Music by Frank Badur; programming by Mark Badur.
My drawings start where the spoken word fails and where language breaks down in the attempt to formulate and express my specific perceptions and sensibilities.1
A postcard from an artist, sent in the mail, arrives at the office of a friend. Instead of writing a message, the artist – being an artist – has composed a drawing. This drawing is a series of lines in a pattern. Start with a red line drawn with a ruler. Follow with a freehand line drawn with a pencil. Then another freehand line, this time drawn in blue. Next, another freehand line drawn in pencil. Conclude as started, with a red line made with a ruler. Repeat four times. At the top of the drawing, the artist writes the date, Aug 30, 2005, and the salutation, Dear Wynn. Below the drawn lines, the artist closes with his name, Frank. This small, playful postcard drawing is balanced and symmetrical in its control and repetition.
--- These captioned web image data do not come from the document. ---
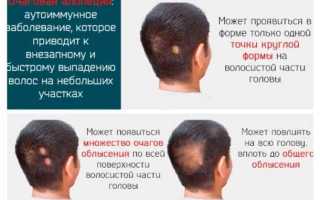 Как избавиться от выпадения волос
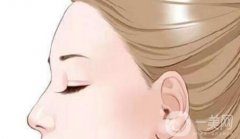 提眉手術(shù)與雙眼皮手術(shù)需要間隔多久？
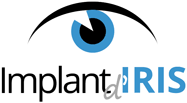 Changer la couleur des yeux - Implant Iris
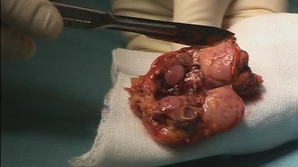 Retrieving the specimen and placing a drain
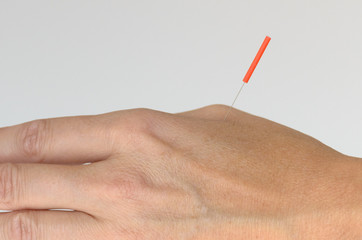 Close up of hand with acupuncture needle attached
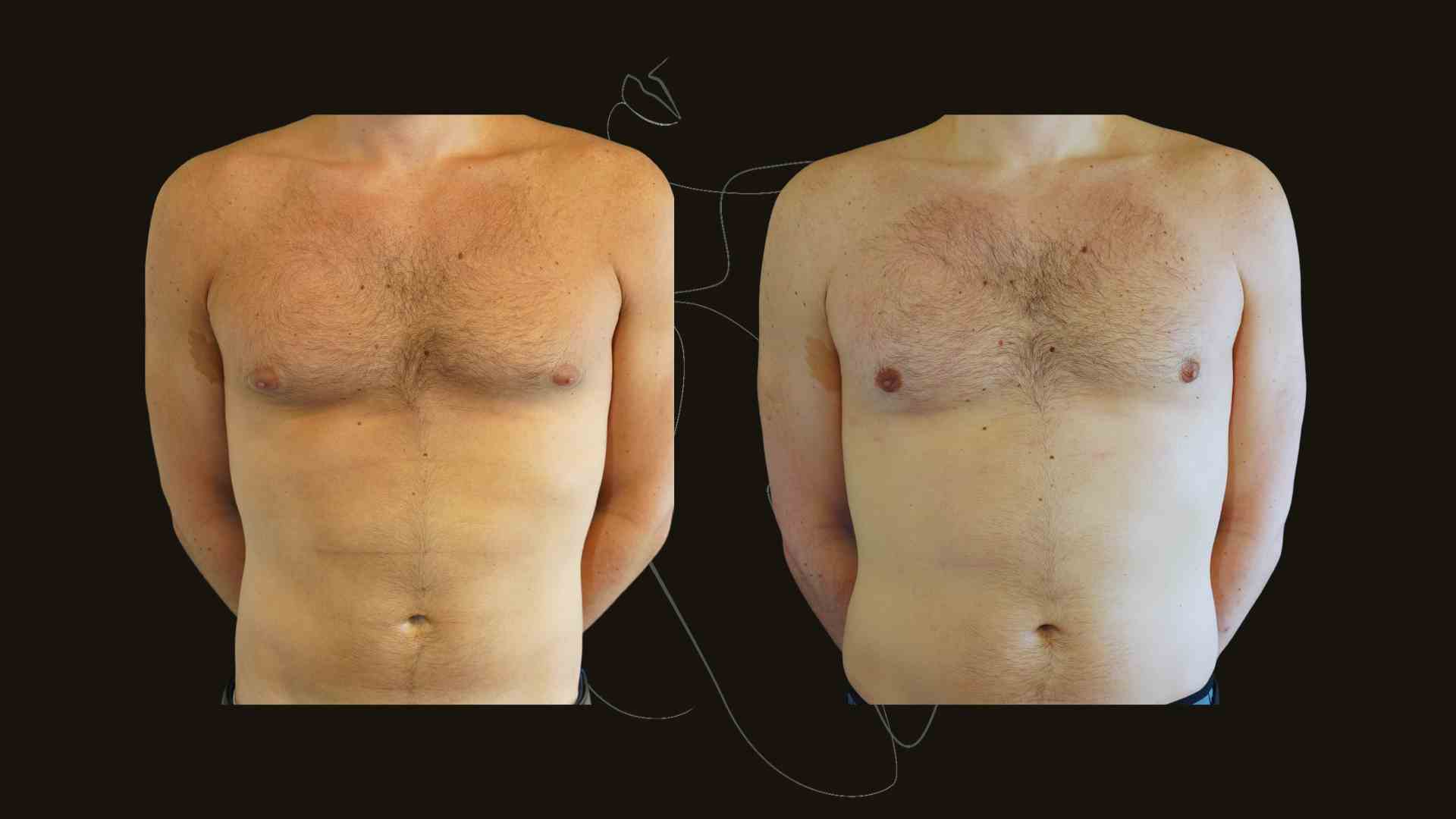 Gynecomastia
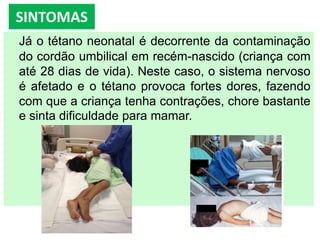 SINTOMAS
Já o tétano neonatal é decorrente da contaminação
do cordão umbilical em recém-nascido (criança com
até 28 dias de vida). Neste caso, o sistema nervoso
é afetado e o tétano provoca fortes dores, fazendo
com que a criança tenha contrações, chore bastante
e sinta dificuldade para mamar.
 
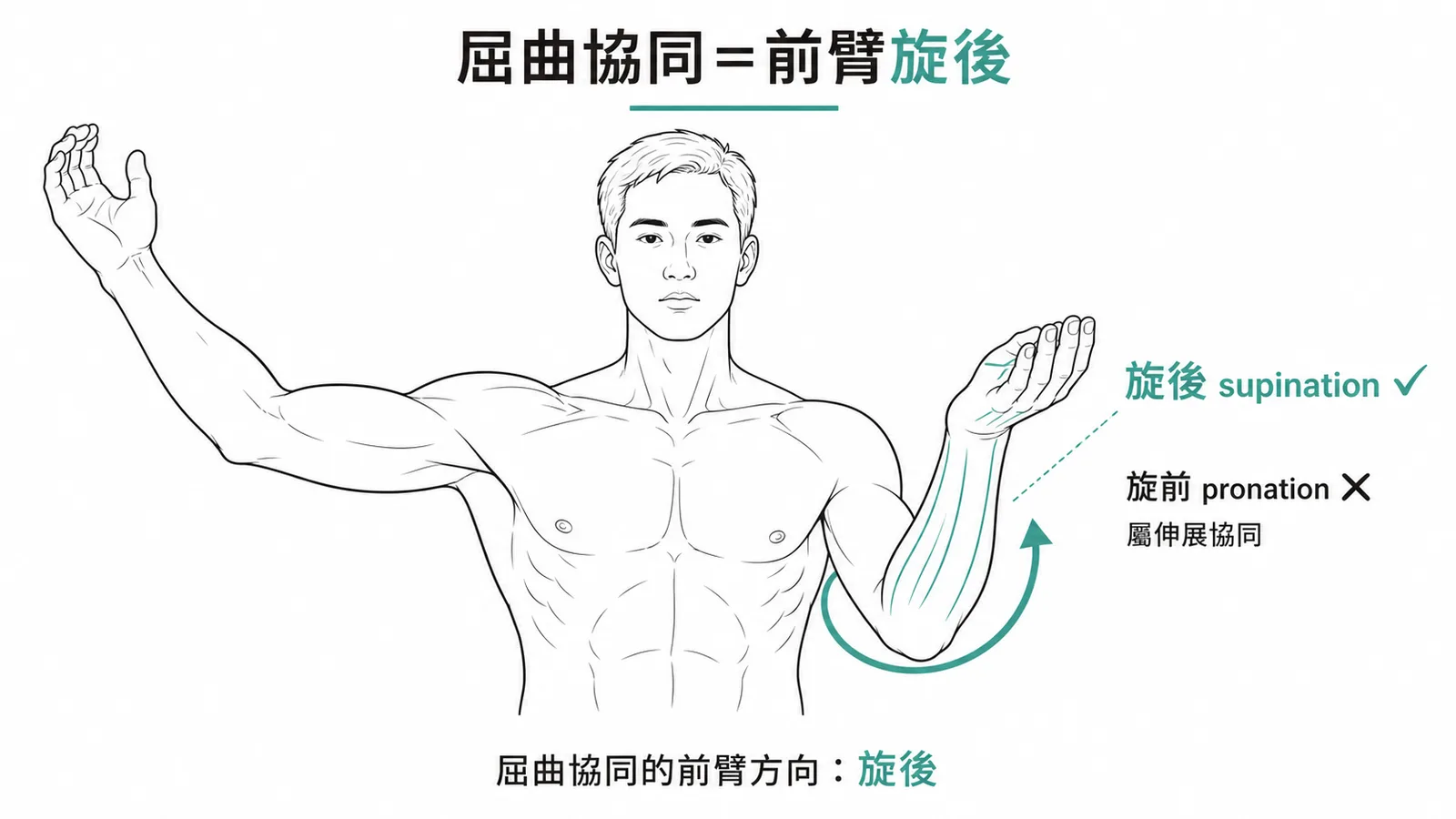 上肢屈曲協同動作中前臂是旋後而非旋前,旋前屬於伸展協同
If viewed closely, Frank Badur’s Untitled is reminiscent of a blank sheet of music. Badur has cited the sound patterns of composer Morton Feldman as a principal catalyst for his drawing process.2 In Matthias Bleyl’s essay, “Frank Badur’s Grid Drawings,” the writer explores Badur’s reference to Feldman’s musical principals: “Terms common to the visual arts such as suspension, proportion, series, structure, and pattern, as well as the issue of symmetry and asymmetry are characteristic of Feldman’s compositions.”3 It is apparent that most of these terms apply to elements of this drawing, a visual reaction to a musical inspiration.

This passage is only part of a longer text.